━━ PROVIDED INFORMATION

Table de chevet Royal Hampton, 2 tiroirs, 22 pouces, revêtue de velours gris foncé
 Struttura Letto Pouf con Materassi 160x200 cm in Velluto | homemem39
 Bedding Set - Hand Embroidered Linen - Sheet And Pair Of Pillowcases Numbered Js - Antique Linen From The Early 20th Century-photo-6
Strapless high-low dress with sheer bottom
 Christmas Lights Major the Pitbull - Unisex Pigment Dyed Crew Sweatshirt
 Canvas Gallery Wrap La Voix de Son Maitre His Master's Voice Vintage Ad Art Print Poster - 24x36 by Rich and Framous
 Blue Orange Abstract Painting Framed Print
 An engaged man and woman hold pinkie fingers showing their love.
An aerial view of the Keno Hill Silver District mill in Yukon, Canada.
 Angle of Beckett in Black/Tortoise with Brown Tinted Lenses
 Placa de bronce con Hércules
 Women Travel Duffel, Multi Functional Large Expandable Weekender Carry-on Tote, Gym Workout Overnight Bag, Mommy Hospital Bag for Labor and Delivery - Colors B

━━━━

- ASSIGNMENT -
Quote exactly the stretch of lines above that starts at the first one and ends at the line with "Strapless high-low dress with sheer bottom", and nothing beyond it.

- RESPONSE BELOW -
Table de chevet Royal Hampton, 2 tiroirs, 22 pouces, revêtue de velours gris foncé
 Struttura Letto Pouf con Materassi 160x200 cm in Velluto | homemem39
 Bedding Set - Hand Embroidered Linen - Sheet And Pair Of Pillowcases Numbered Js - Antique Linen From The Early 20th Century-photo-6
Strapless high-low dress with sheer bottom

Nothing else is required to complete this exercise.